Background: CDC estimates that approximately 30% of persons in the U.S. will experience shingles during their lifetimes (http://www.cdc.gov/shingles/surveillance.html). The incidence among people 60 years of age and older is about 10 cases per 1,000 U.S. population annually. With a median age of 70 y.o. and frequent proteasome inhibitor use (Kim SJ et al, Clinical lymphoma & myeloma, 2008), multiple myeloma patients often receive scheduled prophylaxis for shingles with acyclovir or valacyclovir; however, there are currently no guidelines on the appropriate dosage for the prevention of shingles. Recent studies have used antiviral doses of acyclovir 2400mg/day to as low as acyclovir 200 mg/day to prevent shingles (Pour L et al., Clinical lymphoma & myeloma 2009; Kim SJ et al., Jpn J Clin Oncol 2011), but doses of 200-800 mg acyclovir per day are common in clinical practice. By reviewing all myeloma patients treated over the last 6 years, we hypothesized that a less than 1% failure rate can be achieved using the equivalent of acyclovir 400 mg twice daily in a patient with normal renal function. In addition, based on the findings of a recent study (Dosani T et al., Blood, 2017), which demonstrated that ALC/AMC ratio at time of multiple myeloma diagnosis can be used as an indicator of baseline immune status, we hypothesized in this present study that multiple myeloma patients who had shingles have a significantly lower ALC/AMC ratio on average than patients who did not have shingles.

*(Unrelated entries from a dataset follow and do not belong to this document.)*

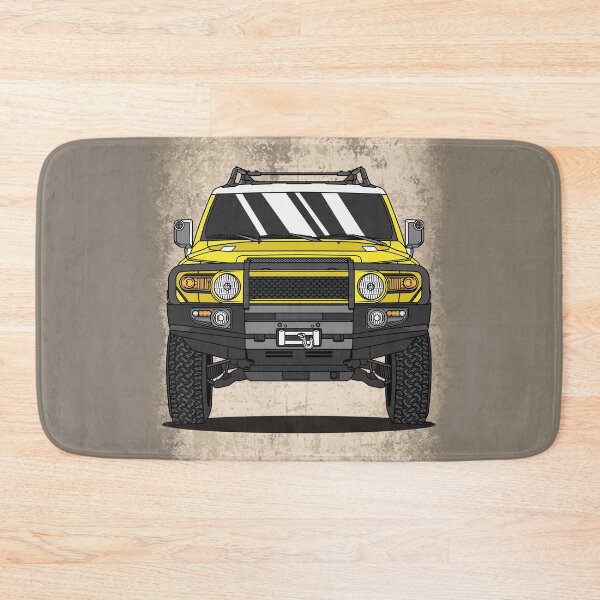 Item preview, Toyota FJ Cruiser designed and sold by JDM Guyvit.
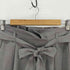 ユナイテッドアローズ UNITED ARROWS ハイウエストクロップドタックパンツ レディース DE:38
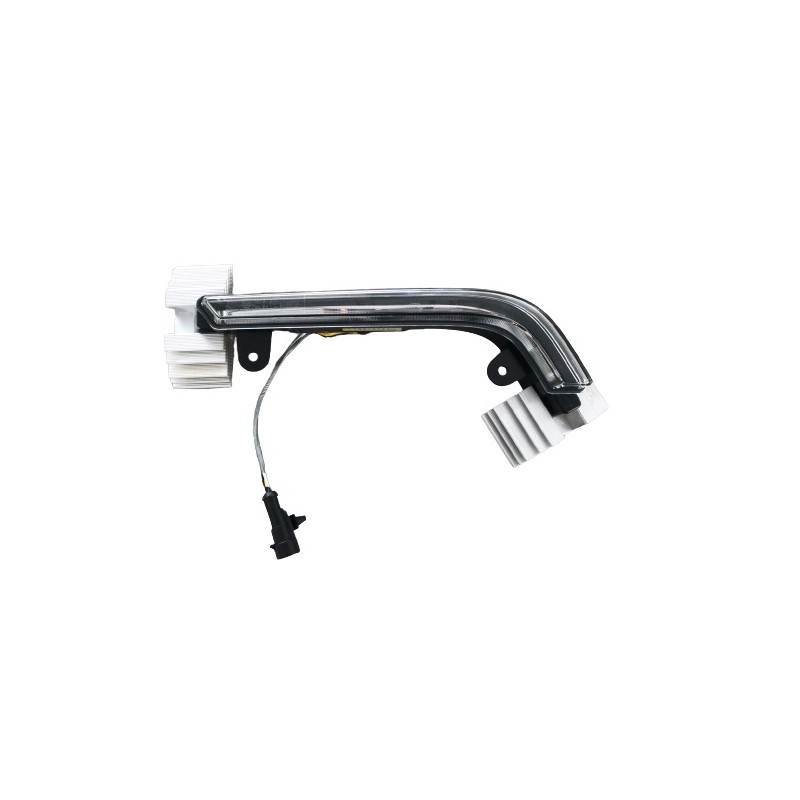 FARETTO LED ANTERIORE SINISTRO AIXAM EMOTION CITY COUPE' SPORT - 800BP153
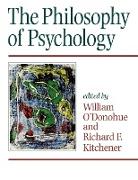 The Philosophy of Psychology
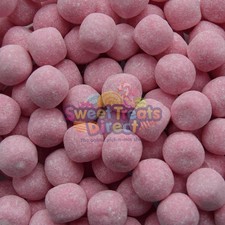 Strawberry Bonbons Sweets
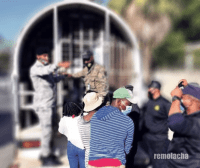 Migración advierte operativos continuarán en todo el país – Remolacha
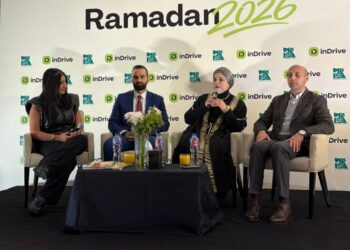 إندرايف تعتزم توفير 5 آلاف كرتونة رمضان بالتعاون مع مصر الخير 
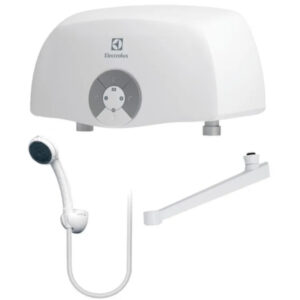 Купить Проточный электрический водонагреватель кран+душ Electrolux Smartfix 2.0 TS (3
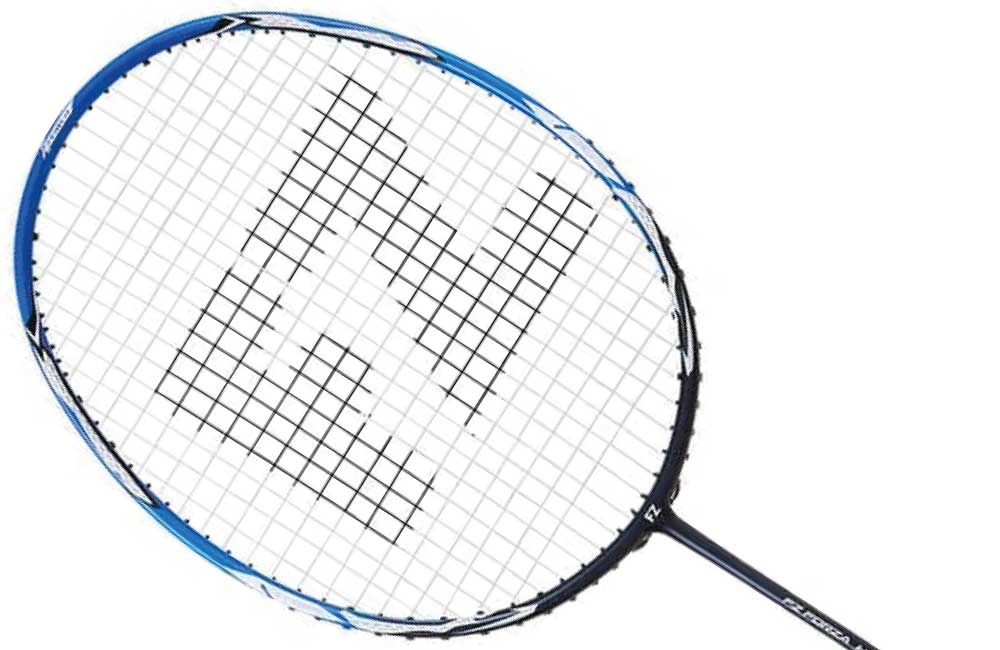 FZ Forza HT power 34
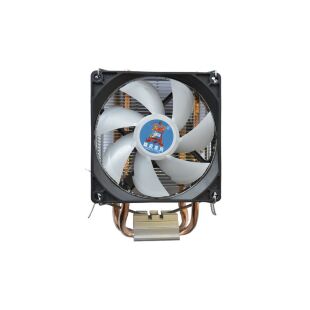 Кулер для процессора Cooling Baby R90 COLOR LED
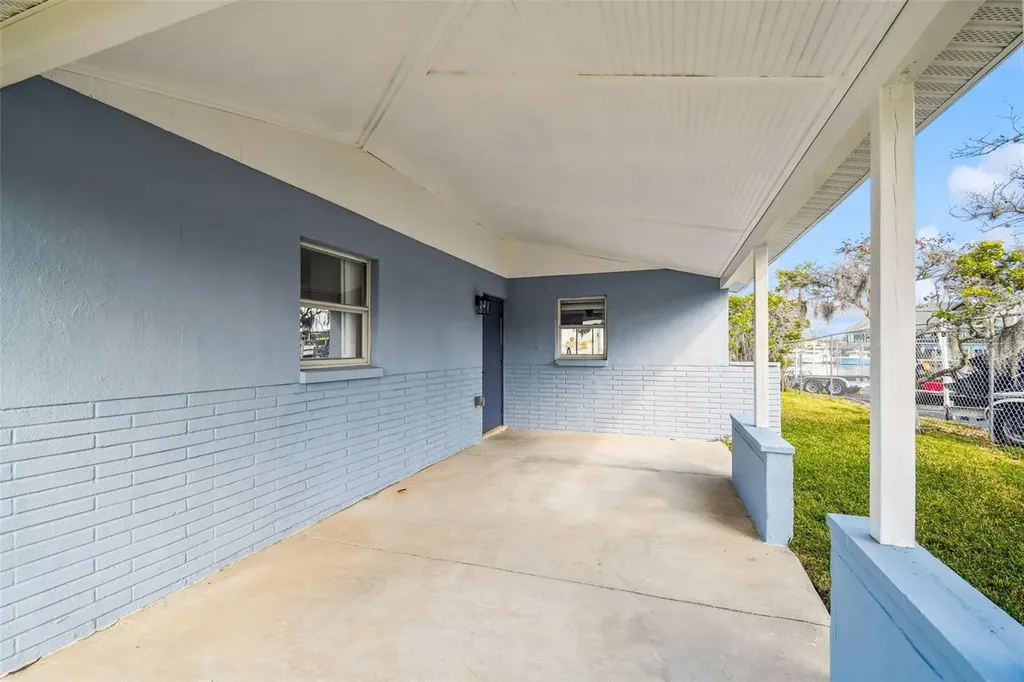 4911 Floramar Terrace New Port Richey FL 34652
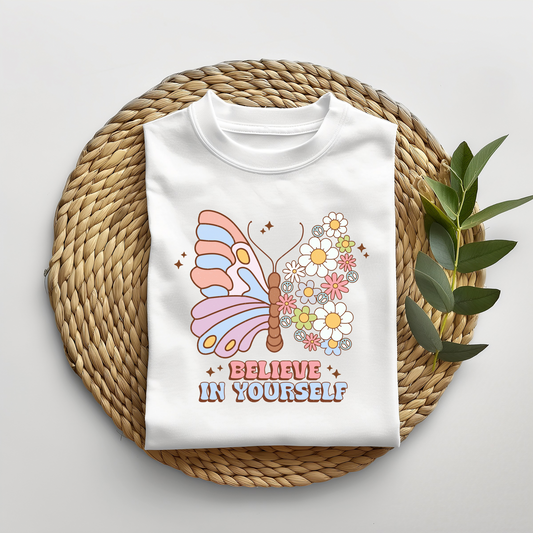 Character & Icon Tees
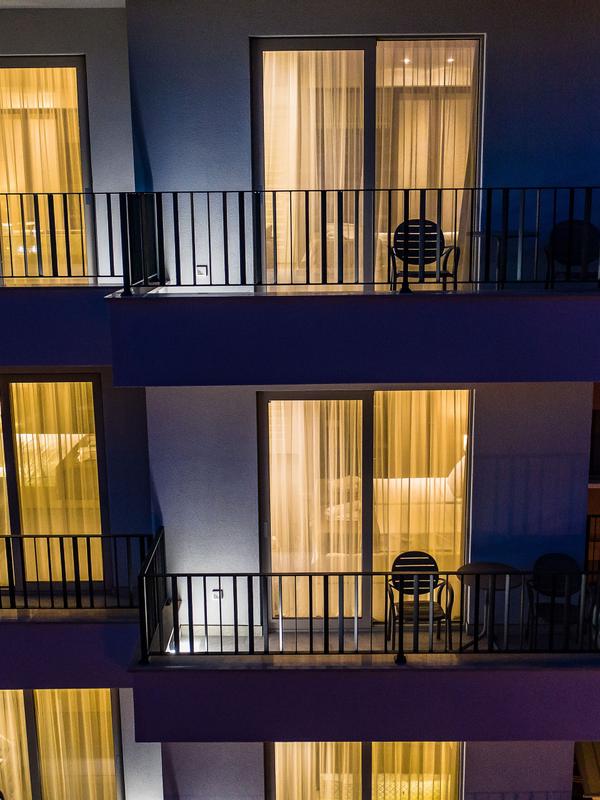 Hotel Bono Becici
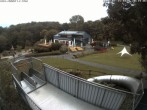 Archiv Foto Webcam Sommerrodelbahn und Freizeitzentrum Peterberg 19:00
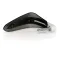 ACERBIS Dual Road Handguards (Black & White) - Premium Motorcycle Handguard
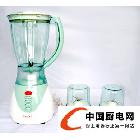 奥宇多功能二合一电动榨汁机 搅拌机 水果榨汁机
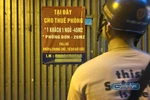 Đầu năm học, nhiều tân sinh viên “khóc ròng” vì bị lừa đảo khi đi thuê trọ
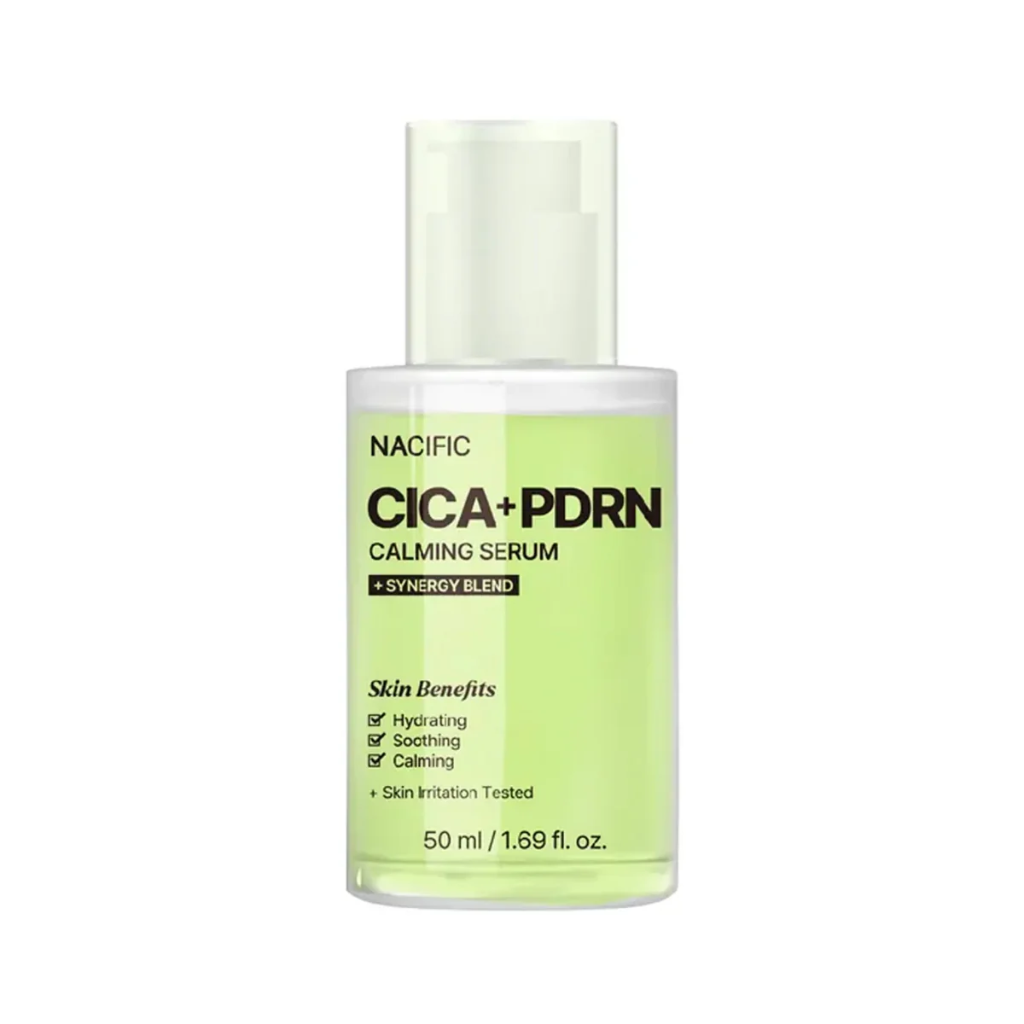 Cica PDRN Calming Serum 50 ml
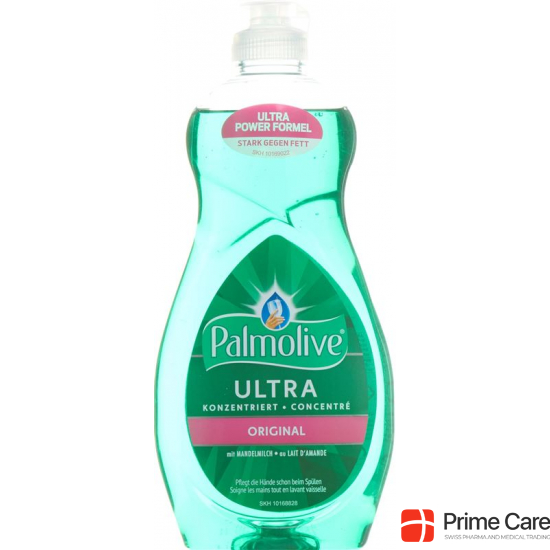 Palmolive Ultra Original 500ml buy online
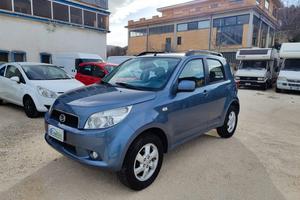 DAIHATSU Terios 1.5 4WD SX O/F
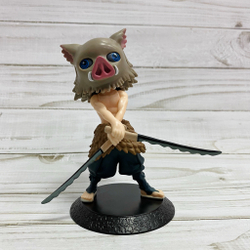 Фигурка чиби "Клинок рассекающий демонов"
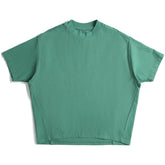 380gsm 100% Cotton Clean Fit T-shirts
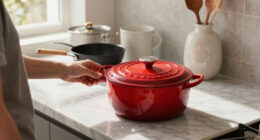 The 35 Best Kitchen Deals To Shop This Week From Le Creuset, Pottery Barn, And More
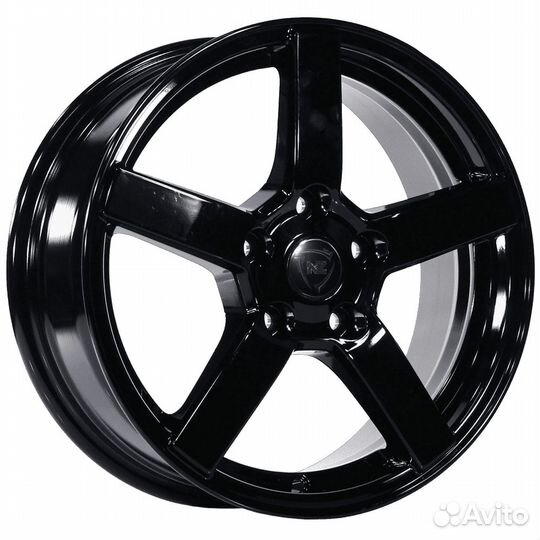 Диски NZD,16,5x112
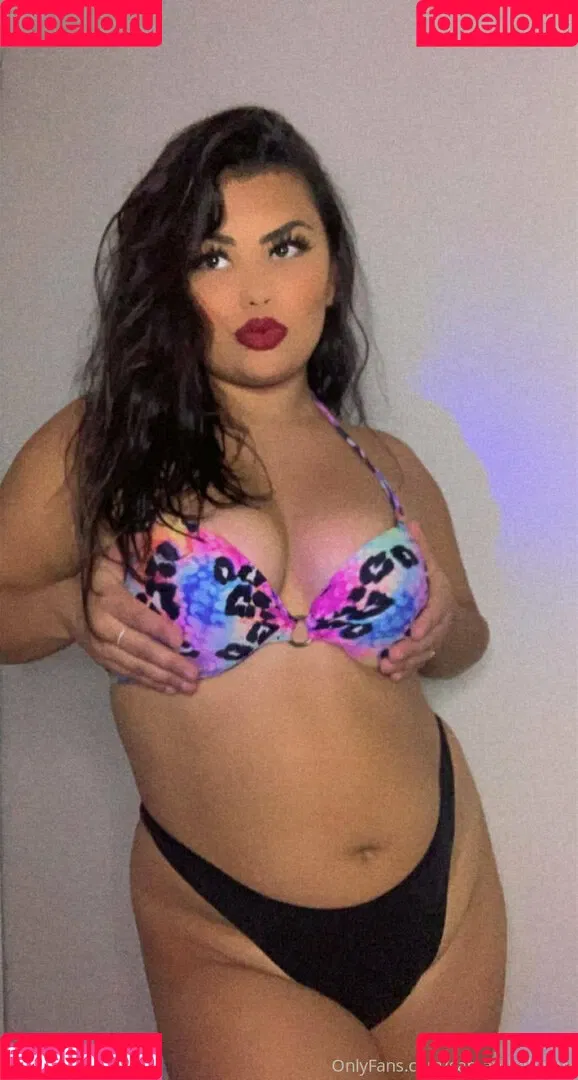 samanthababyy Onlyfans Photo Gallery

Methods: A retrospective chart review was conducted on 1,210 multiple myeloma patients treated at The Ohio State University Wexner Medical Center. In addition to demographic information on age, gender, age at multiple myeloma diagnosis, multiple myeloma stage and karyotype, and length of survival, information on the presence of shingles after the diagnosis of multiple myeloma, medication and dosage of prophylactic antivirals, and compliance to medication was also collected. For patients who developed shingles and were compliant with prescribed antiviral medication, their effective dose of antiviral was determined by dividing their dose of antiviral per day by their estimated GFR at the time of shingles diagnosis. Valacyclovir was converted to an equivalent dose of acyclovir (acyclovir 400 mg = valacyclovir 250 mg). GFR was determined by the CKD-EPI method, using serum creatinine and weight values taken near the time of shingles diagnosis. ALC/AMC ratios were estimated using ALC and AMC values taken near the time of multiple myeloma diagnosis. Patients with shingles were compared to an equal number of age- and gender-matched controls using a Wilcoxon rank-sum test, and patients with no ALC or AMC values taken near time of diagnosis were excluded from final comparison.

Results: Demographic information on the patients included in this study can be found in Table 1. Out of 1210 multiple myeloma patients, 127 patients (10.5%) developed shingles after diagnosis, and of these, only 6 patients (0.5%) were both prescribed a prophylactic antiviral (acyclovir or valacyclovir) and were compliant with their antiviral medication (Figure 1). Most patients (77%) were not receiving antiviral prophylaxis, and even if antivirals were prescribed, only 21% were compliant. The average time from multiple myeloma diagnosis to shingles diagnosis was 1.7 years. For patients prescribed acyclovir prophylaxis, doses ranged 0-2400 mg/day, with most patients (62%) taking 800mg/day and 49% of patients taking 400mg/day (Table 2). Percentages do not add up to 100% since many patients had their doses changed over time. ALC/AMC ratios were not significantly different (p=0.78) between patients with shingles vs controls (Figure 2).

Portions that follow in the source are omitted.